> DATASET EXCERPT
===
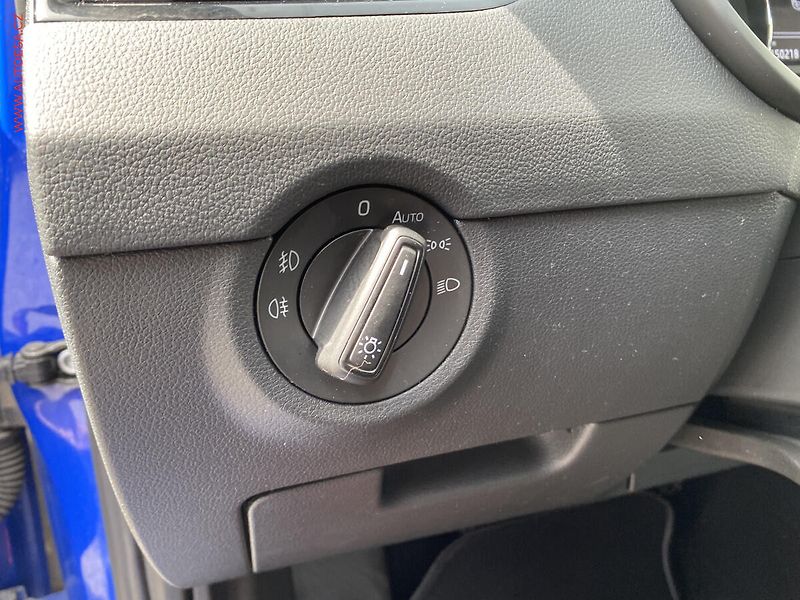 Škoda Octavia (2019) 1.5 TSi, ČR, Active, park. - fotka 15 z 17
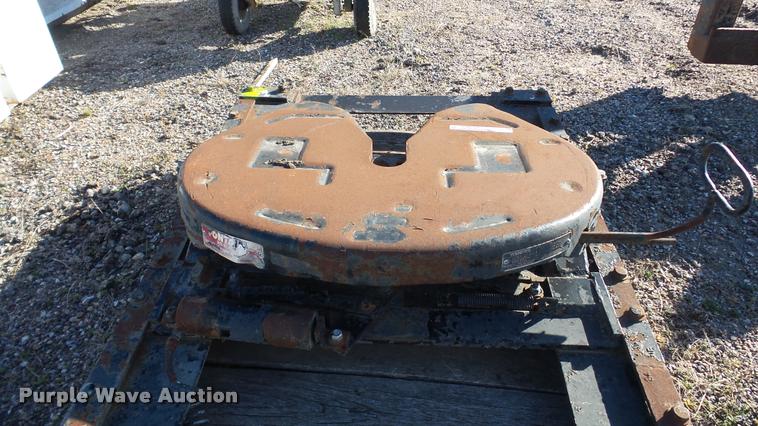 image for item DG9029 Fontaine air operated sliding fifth wheel plate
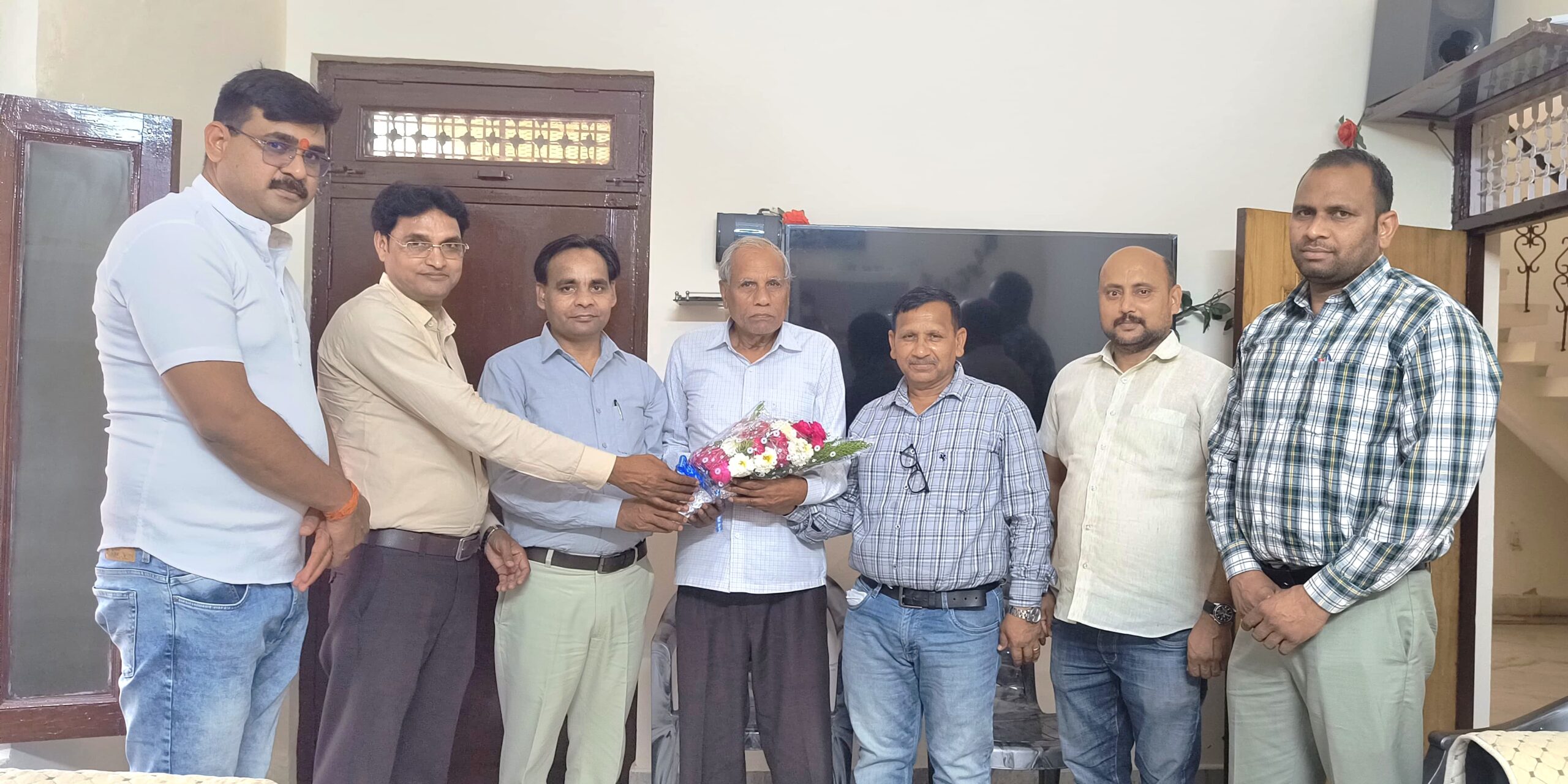 UPSC 2025 Result में 32वीं रैंक पाने वाले IAS उत्कर्ष यादव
===
Since the pictures are not wanted, repeat only the rest of the material, exactly as given.

> OUTPUT FOR THIS EXERCISE
 Škoda Octavia (2019) 1.5 TSi, ČR, Active, park. - fotka 15 z 17
 image for item DG9029 Fontaine air operated sliding fifth wheel plate
 UPSC 2025 Result में 32वीं रैंक पाने वाले IAS उत्कर्ष यादव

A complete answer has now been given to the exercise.